J’ai été nommé en 1994 vice- gouverneur de la Banque Centrale de la République de Guinée. Un poste un peu nouveau parce que les statuts de la BCRG avaient été entre temps révisés et modernisés avec l’aide des institutions Bretton Woods ( le FMI et la Banque mondiale ) ; ces nouveaux statuts prévoyaient le poste vice -gouverneur qui doit assister le gouverneur dans ses tâches de gestion opérationnelle de la Banque ainsi que de la gestion monétaire.
Je suis resté à ce poste pendant deux ans.
Ibrahima Cherif Bah, gouverneur de la Banque Centrale de la République de Guinée
En 1996 j’ai été nommé gouverneur de la BCRG ,Banque Centrale de la République de Guinée ; poste que j’ai occupé pendant 8 ans c’est à dire jusqu’en mars 2004.

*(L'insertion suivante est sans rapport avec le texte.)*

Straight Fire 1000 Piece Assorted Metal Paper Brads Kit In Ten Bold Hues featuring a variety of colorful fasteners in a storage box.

C’est un poste extrêmement sensible qui est sous la tutelle du chef de l’Etat tout en jouissant d’une certaine autonomie. C’est un poste qui doit rester indépendant hors de la pression du gouvernement, de tous les ministres et surtout du ministre des finances. Parce que le gouverneur collabore étroitement avec le ministre des finances dans le sens d’une collaboration responsable autonome.

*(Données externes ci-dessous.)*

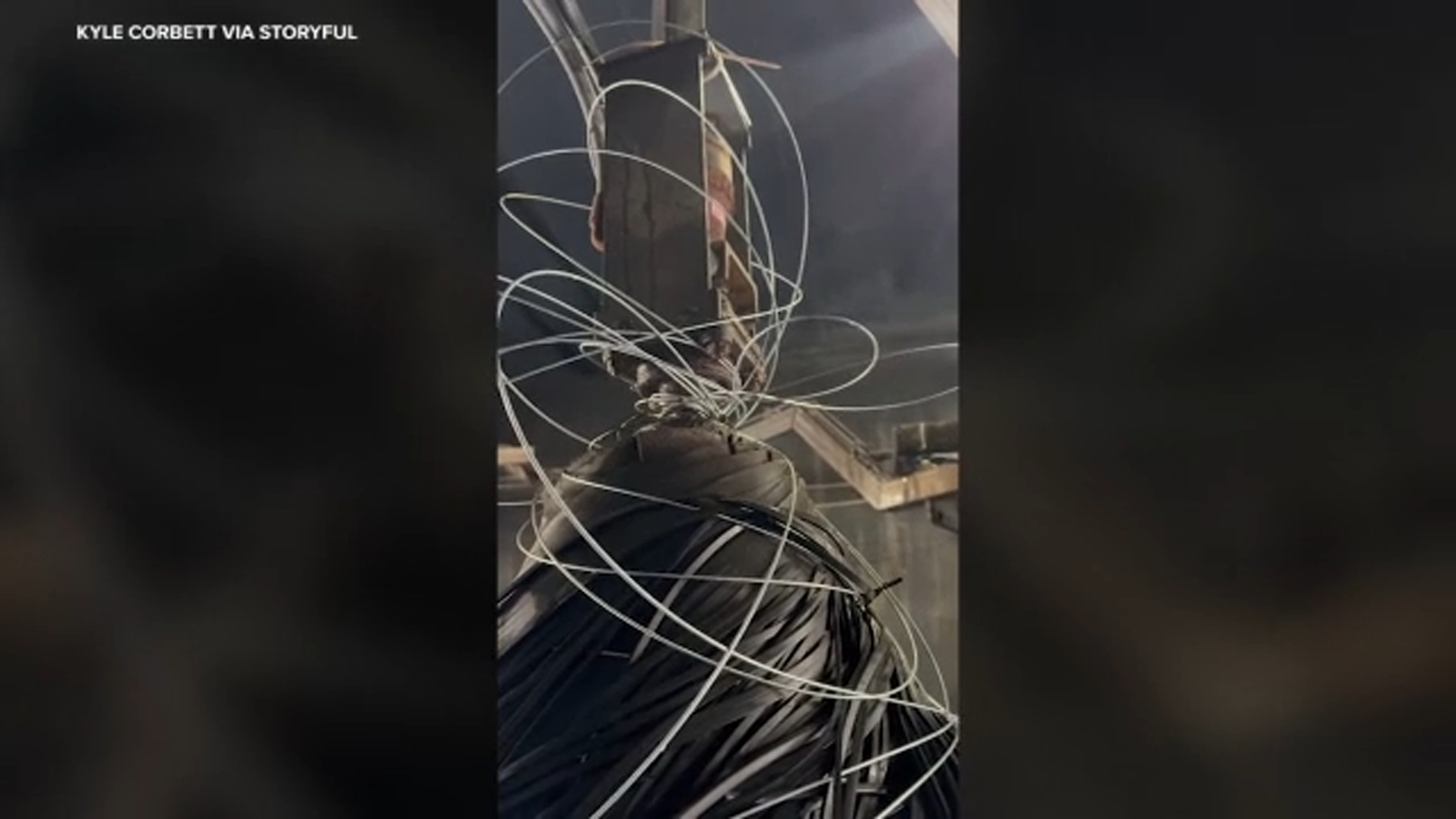 Disaster as fencing wire gets tangled in spinning car wash in North Carolina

La monnaie étant extrêmement sensible elle ne doit pas être sujette aux aléas des décisions ministérielles ; car le gouverneur dans son rôle de protection de la valeur interne de la monnaie (faible inflation) et de sa valeur externe (taux de change maîtrisé) est souvent en contradiction avec un ministre des finances qui souhaite toujours disposer de fonds pour faire face aux dépenses de l’Etat. C’est pour cela que les statuts prévoient que le gouverneur de la BCRG relève du chef de l’État car très souvent il y a des arbitrages importants à faire. Par exemple, quand l’Etat manque de liquidités et comme la Guinée est une zone monétaire indépendante, très souvent le gouvernement est tenté d’émettre de la monnaie ; le gouverneur doit pouvoir dire non : monsieur le ministre des finances, vous devez plutôt accroître vos recettes. Faites l’effort nécessaire qu’il faut car une émission monétaire sans contre partie, c’est à dire sans création de richesses est une source d’inflation. C’est pourquoi la BCRG doit être autonome .
Les moments les plus importants de Ibrahima Cherif Bah à ce poste.
1-Réussir à garder le franc guinéen non dévalorisé avec un taux de change raisonnable est un succès non négligeable pour un pays qui a connu la guerre avec l’agression rebelle de l’an 2000 avec des conséquences durables sur notre économie. Je dois dire qu’au moment où je quittais mes fonctions en mars 2004, le dollar américain s’échangeait contre 2000 FG au marché des changes interbancaire plus 2% sur le marché libre. L’écart était juste un coût d’opportunité .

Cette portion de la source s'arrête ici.